Jenna Misener is from Toronto and is the co-host of Grownups Read Things They Wrote as Kids, a hilarious podcast where adults read pieces of writing from their childhood or teenage years to a live audience. She will be presenting her podcast live as part of the Hot Docs Podcast Festival running from October 12th to 15th. Get tickets here.
SDTC: What is your all-time favourite thing you wrote as a kid?
JM: I read my own childhood writing at every Grownups Read Things They Wrote as Kids live event…you’ll have to come to a show to hear it!
What is your favourite story that was read on your podcast?
Toni from Newfoundland got up on our stage and read a diary entry about her first-time smoking cigarettes. The details in it were hyper-regional, but the experience was very much universal. Of course she got caught, was grounded, and swore to never do it again. And then signed off the diary entry with “God bless Green Day and Danny Williams.”
Why do you think this concept of reading things aloud from our childhoods holds such a strong appeal?
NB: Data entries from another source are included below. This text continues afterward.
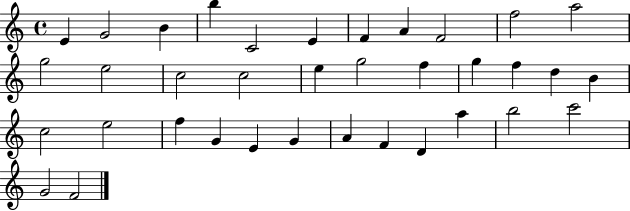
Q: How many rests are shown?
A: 0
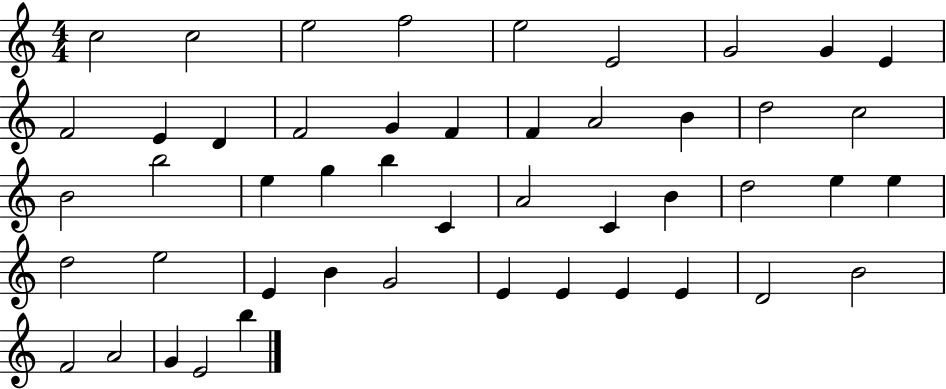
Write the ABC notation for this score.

X:1
T:Untitled
M:4/4
L:1/4
K:C
c2 c2 e2 f2 e2 E2 G2 G E F2 E D F2 G F F A2 B d2 c2 B2 b2 e g b C A2 C B d2 e e d2 e2 E B G2 E E E E D2 B2 F2 A2 G E2 b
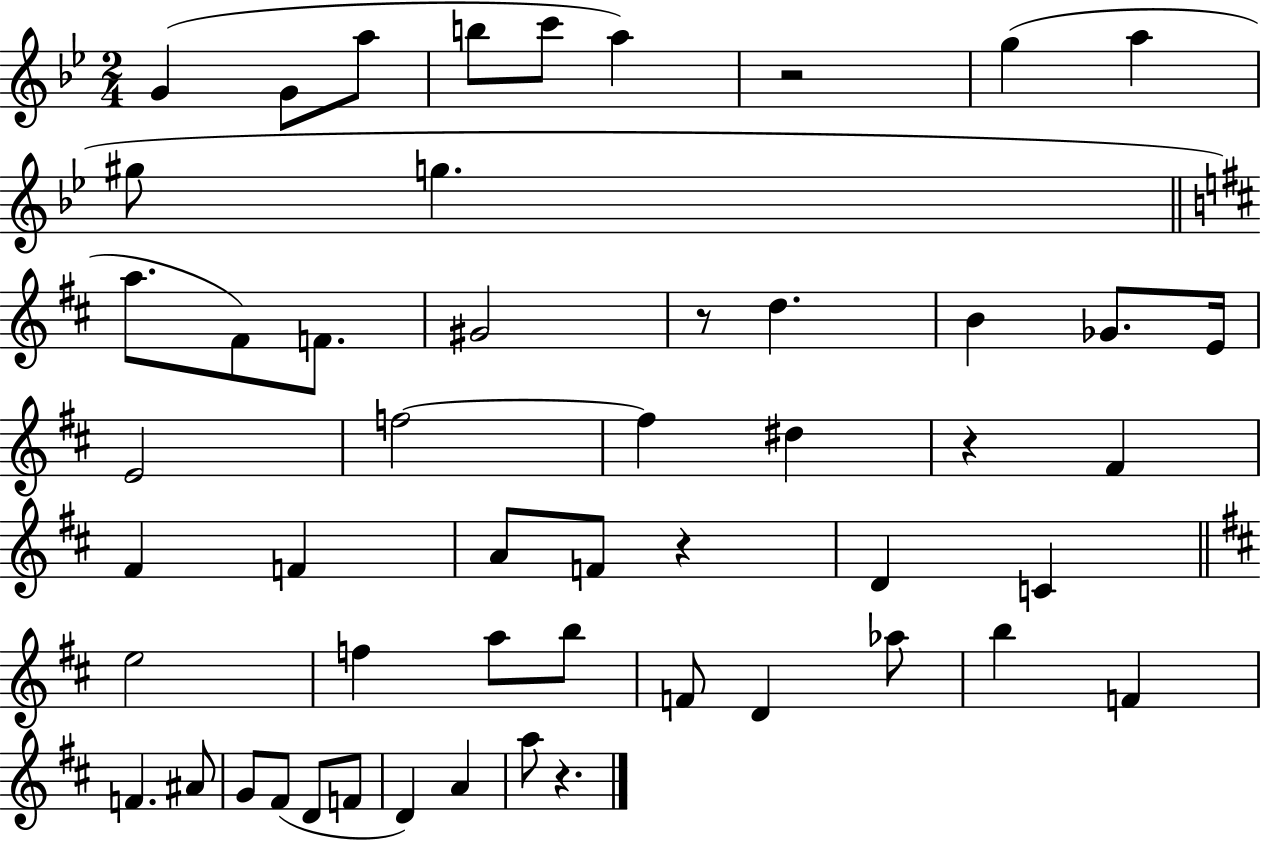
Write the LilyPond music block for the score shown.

{
  \clef treble
  \numericTimeSignature
  \time 2/4
  \key bes \major
  g'4( g'8 a''8 | b''8 c'''8 a''4) | r2 | g''4( a''4 | \break gis''8 g''4. | \bar "||" \break \key b \minor a''8. fis'8) f'8. | gis'2 | r8 d''4. | b'4 ges'8. e'16 | \break e'2 | f''2~~ | f''4 dis''4 | r4 fis'4 | \break fis'4 f'4 | a'8 f'8 r4 | d'4 c'4 | \bar "||" \break \key d \major e''2 | f''4 a''8 b''8 | f'8 d'4 aes''8 | b''4 f'4 | \break f'4. ais'8 | g'8 fis'8( d'8 f'8 | d'4) a'4 | a''8 r4. | \break \bar "|."
}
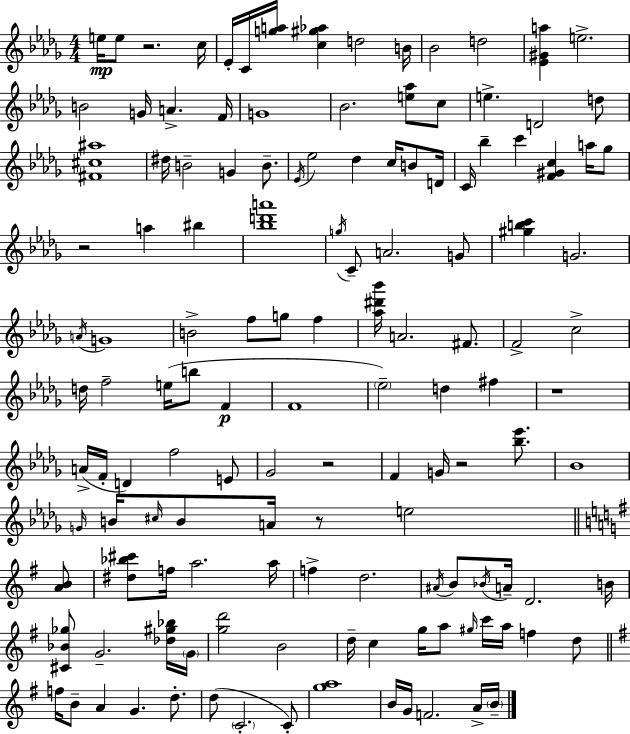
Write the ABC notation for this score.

X:1
T:Untitled
M:4/4
L:1/4
K:Bbm
e/4 e/2 z2 c/4 _E/4 C/4 [ga]/4 [c^g_a] d2 B/4 _B2 d2 [_E^Ga] e2 B2 G/4 A F/4 G4 _B2 [e_a]/2 c/2 e D2 d/2 [^F^c^a]4 ^d/4 B2 G B/2 _E/4 _e2 _d c/4 B/2 D/4 C/4 _b c' [F^Gc] a/4 _g/2 z2 a ^b [_bd'a']4 g/4 C/2 A2 G/2 [^gbc'] G2 A/4 G4 B2 f/2 g/2 f [_a^d'_b']/4 A2 ^F/2 F2 c2 d/4 f2 e/4 b/2 F F4 _e2 d ^f z4 A/4 F/4 D f2 E/2 _G2 z2 F G/4 z2 [_b_e']/2 _B4 G/4 B/4 ^c/4 B/2 A/4 z/2 e2 [AB]/2 [^d_b^c']/2 f/4 a2 a/4 f d2 ^A/4 B/2 _B/4 A/4 D2 B/4 [^C_B_g]/2 G2 [_d^g_b]/4 G/4 [gd']2 B2 d/4 c g/4 a/2 ^g/4 c'/4 a/4 f d/2 f/4 B/2 A G d/2 d/2 C2 C/2 [ga]4 B/4 G/4 F2 A/4 B/4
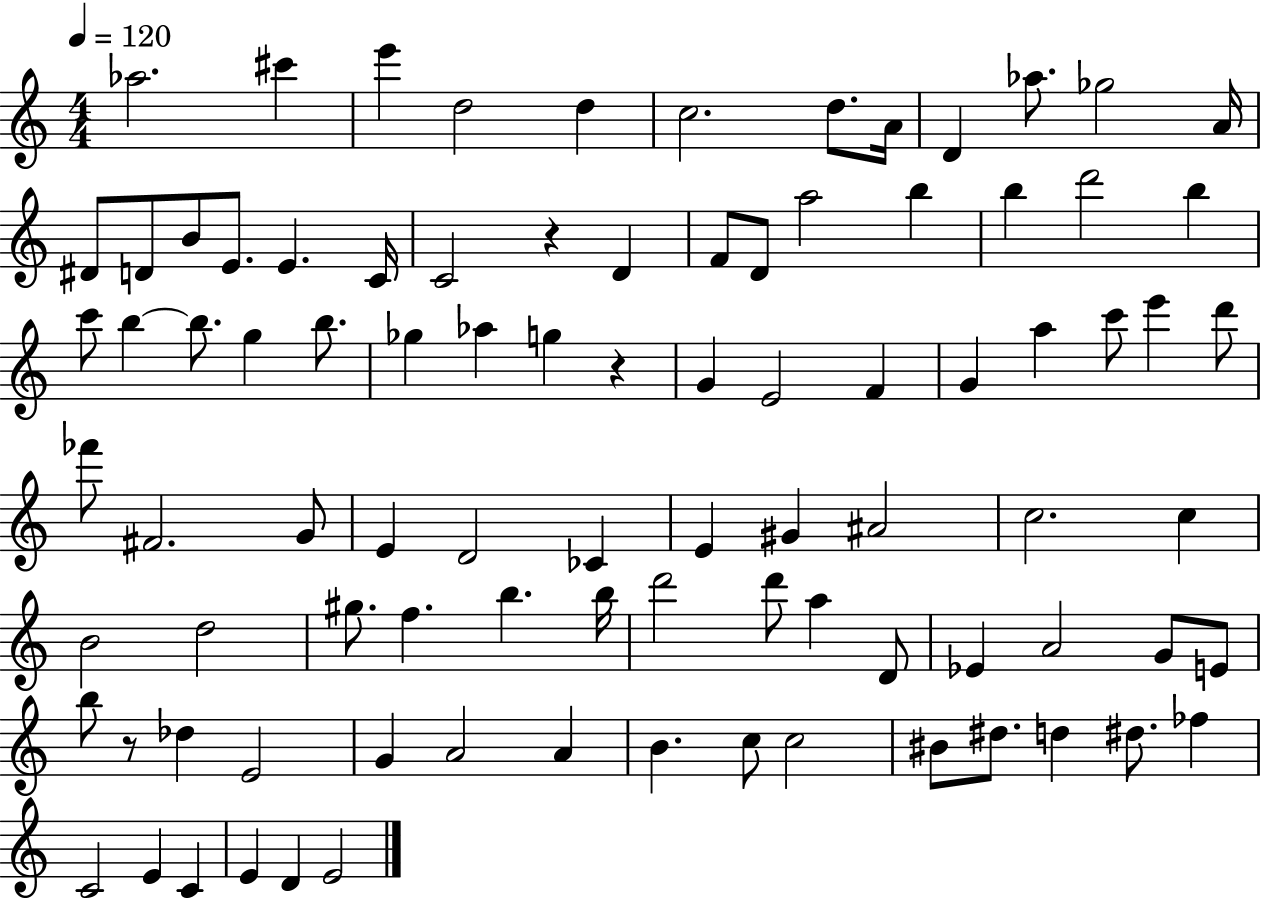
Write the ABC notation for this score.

X:1
T:Untitled
M:4/4
L:1/4
K:C
_a2 ^c' e' d2 d c2 d/2 A/4 D _a/2 _g2 A/4 ^D/2 D/2 B/2 E/2 E C/4 C2 z D F/2 D/2 a2 b b d'2 b c'/2 b b/2 g b/2 _g _a g z G E2 F G a c'/2 e' d'/2 _f'/2 ^F2 G/2 E D2 _C E ^G ^A2 c2 c B2 d2 ^g/2 f b b/4 d'2 d'/2 a D/2 _E A2 G/2 E/2 b/2 z/2 _d E2 G A2 A B c/2 c2 ^B/2 ^d/2 d ^d/2 _f C2 E C E D E2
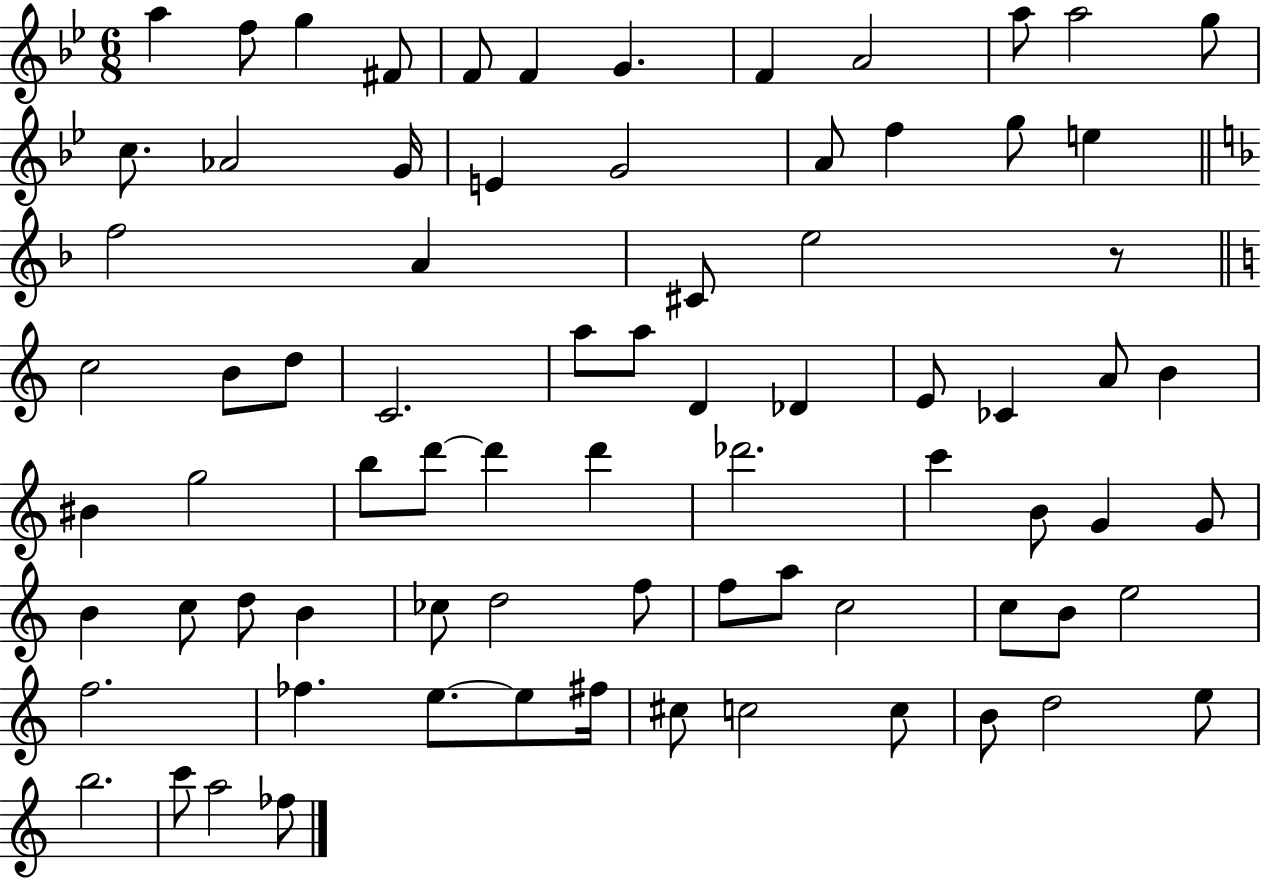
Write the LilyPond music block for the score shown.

{
  \clef treble
  \numericTimeSignature
  \time 6/8
  \key bes \major
  \repeat volta 2 { a''4 f''8 g''4 fis'8 | f'8 f'4 g'4. | f'4 a'2 | a''8 a''2 g''8 | \break c''8. aes'2 g'16 | e'4 g'2 | a'8 f''4 g''8 e''4 | \bar "||" \break \key f \major f''2 a'4 | cis'8 e''2 r8 | \bar "||" \break \key c \major c''2 b'8 d''8 | c'2. | a''8 a''8 d'4 des'4 | e'8 ces'4 a'8 b'4 | \break bis'4 g''2 | b''8 d'''8~~ d'''4 d'''4 | des'''2. | c'''4 b'8 g'4 g'8 | \break b'4 c''8 d''8 b'4 | ces''8 d''2 f''8 | f''8 a''8 c''2 | c''8 b'8 e''2 | \break f''2. | fes''4. e''8.~~ e''8 fis''16 | cis''8 c''2 c''8 | b'8 d''2 e''8 | \break b''2. | c'''8 a''2 fes''8 | } \bar "|."
}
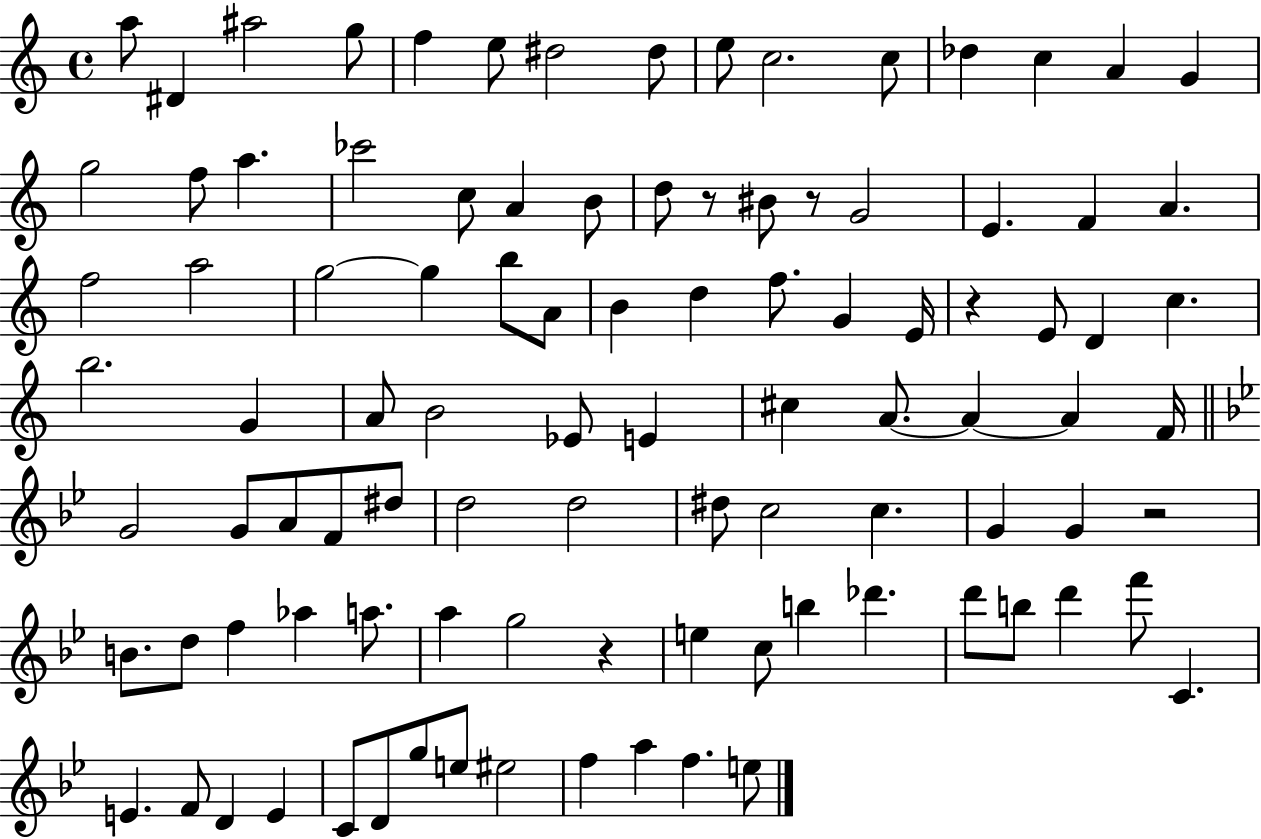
{
  \clef treble
  \time 4/4
  \defaultTimeSignature
  \key c \major
  a''8 dis'4 ais''2 g''8 | f''4 e''8 dis''2 dis''8 | e''8 c''2. c''8 | des''4 c''4 a'4 g'4 | \break g''2 f''8 a''4. | ces'''2 c''8 a'4 b'8 | d''8 r8 bis'8 r8 g'2 | e'4. f'4 a'4. | \break f''2 a''2 | g''2~~ g''4 b''8 a'8 | b'4 d''4 f''8. g'4 e'16 | r4 e'8 d'4 c''4. | \break b''2. g'4 | a'8 b'2 ees'8 e'4 | cis''4 a'8.~~ a'4~~ a'4 f'16 | \bar "||" \break \key g \minor g'2 g'8 a'8 f'8 dis''8 | d''2 d''2 | dis''8 c''2 c''4. | g'4 g'4 r2 | \break b'8. d''8 f''4 aes''4 a''8. | a''4 g''2 r4 | e''4 c''8 b''4 des'''4. | d'''8 b''8 d'''4 f'''8 c'4. | \break e'4. f'8 d'4 e'4 | c'8 d'8 g''8 e''8 eis''2 | f''4 a''4 f''4. e''8 | \bar "|."
}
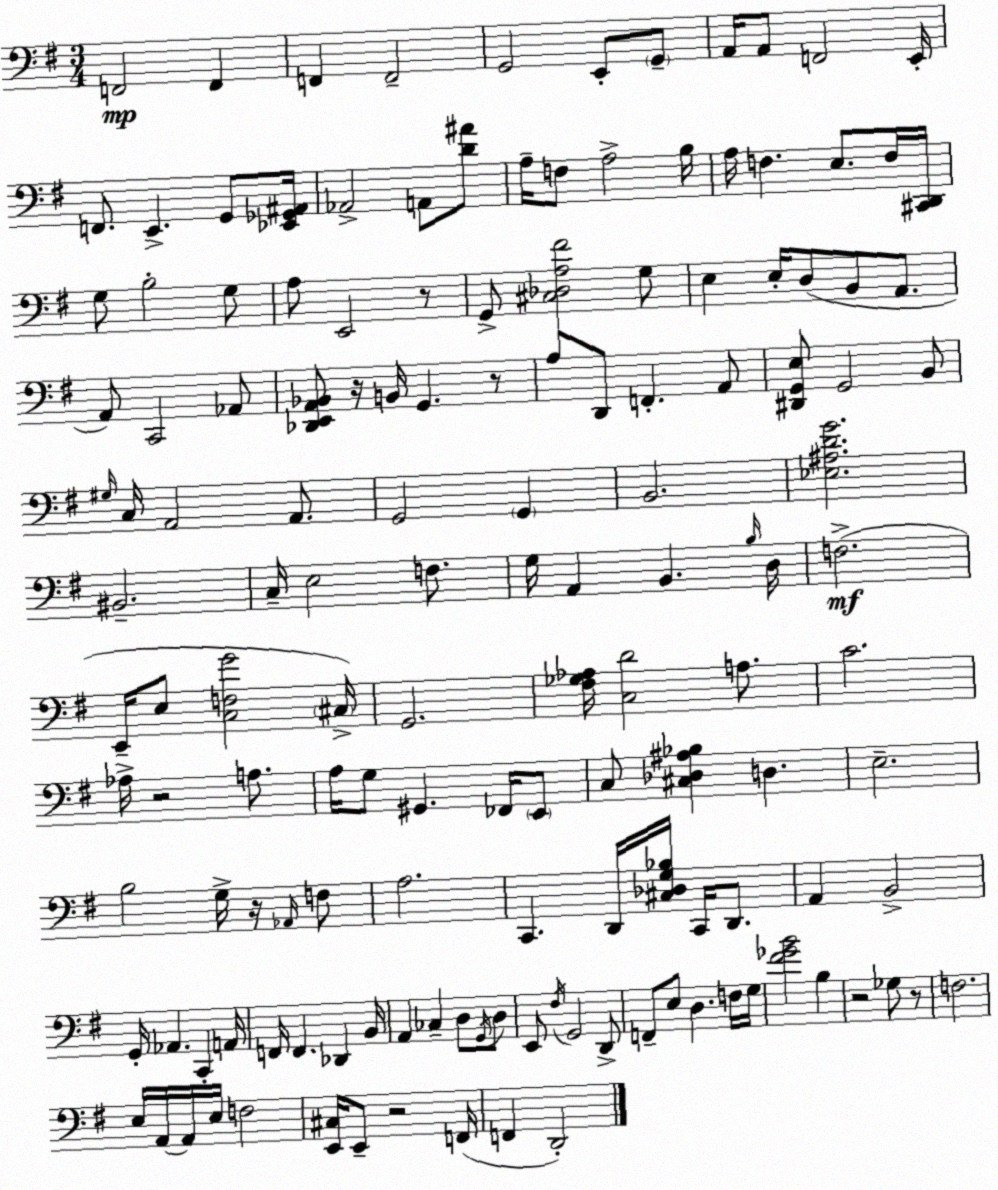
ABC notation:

X:1
T:Untitled
M:3/4
L:1/4
K:G
F,,2 F,, F,, F,,2 G,,2 E,,/2 G,,/2 A,,/4 A,,/2 F,,2 E,,/4 F,,/2 E,, G,,/2 [_E,,_G,,^A,,]/4 _A,,2 A,,/2 [D^A]/2 A,/4 F,/2 A,2 B,/4 A,/4 F, E,/2 F,/4 [^C,,D,,]/4 G,/2 B,2 G,/2 A,/2 E,,2 z/2 G,,/2 [^C,_D,A,^F]2 G,/2 E, E,/4 D,/2 B,,/2 A,,/2 A,,/2 C,,2 _A,,/2 [_D,,E,,A,,_B,,]/2 z/4 B,,/4 G,, z/2 A,/2 D,,/2 F,, A,,/2 [^D,,G,,E,]/2 G,,2 B,,/2 ^G,/4 C,/4 A,,2 A,,/2 G,,2 G,, B,,2 [_E,^A,DG]2 ^B,,2 C,/4 E,2 F,/2 G,/4 A,, B,, B,/4 D,/4 F,2 E,,/4 E,/2 [C,F,G]2 ^C,/4 G,,2 [^F,_G,_A,]/4 [C,D]2 A,/2 C2 _A,/4 z2 A,/2 A,/4 G,/2 ^G,, _F,,/4 E,,/2 C,/2 [^C,_D,^A,_B,] D, E,2 B,2 G,/4 z/4 _A,,/4 F,/2 A,2 C,, D,,/4 [^C,_D,G,_B,]/4 C,,/4 D,,/2 A,, B,,2 G,,/4 _A,, C,, A,,/4 F,,/4 F,, _D,, B,,/4 A,, _C, D,/2 G,,/4 D,/2 E,,/2 ^F,/4 G,,2 D,,/2 F,,/2 E,/2 D, F,/4 G,/4 [^F_GB]2 B, z2 _G,/2 z/2 F,2 E,/4 A,,/4 A,,/4 E,/4 F,2 [E,,^C,]/4 E,,/2 z2 F,,/4 F,, D,,2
These days we share so much of our lives, especially online. And what we post is often a performance. It’s filtered, manicured, coated in a thick veneer. There’s something really authentic about connecting with who you used to be – warts and all – and seeing how much you’ve grown and how far you’ve come. I think our audiences enjoy connecting with the stories they hear on our stage because they’re ultimately connecting to who they used to be.
What gave you the idea to start this podcast? Are you surprised at how it’s grown?
It was Christmas 2006, and my boyfriend Dan (now my husband) and I were visiting my parents in Kingsville, Ontario. They asked me to clear out some of the boxes I still had stored in the basement. Going through those boxes, we found my teenaged diary, written in those awkward years when I was just on the edge of puberty. With beers in hand, we spent the better part of the afternoon reading diary entries out loud to one another. Some were funny. Some were bittersweet. It was a glimpse into my past and my former self.
We figured lots of other people probably had their childhood and teenage writing kicking around somewhere – in their parents’ basements, in boxes in the closet, in storage lockers. So Dan asked him mom to send his childhood schoolwork. Then we booked a night upstairs at the Victory Café (RIP) in Toronto, invited some friends, and crossed our fingers. People showed up. We had some drinks. We laughed. And we’ve been doing live shows ever since.
We’re delighted that after all these years people still show up and share glimpses of their former selves on our stage.
In doing this project, what have you learned about people? About yourself?
When you’re growing up it’s easy to feel alone, like you’re a weirdo, that you’re different, that you don’t belong. Part of the appeal of Grownups Read Things They Wrote as Kids is realizing that we were all weirdos and we’re all a lot more alike than different.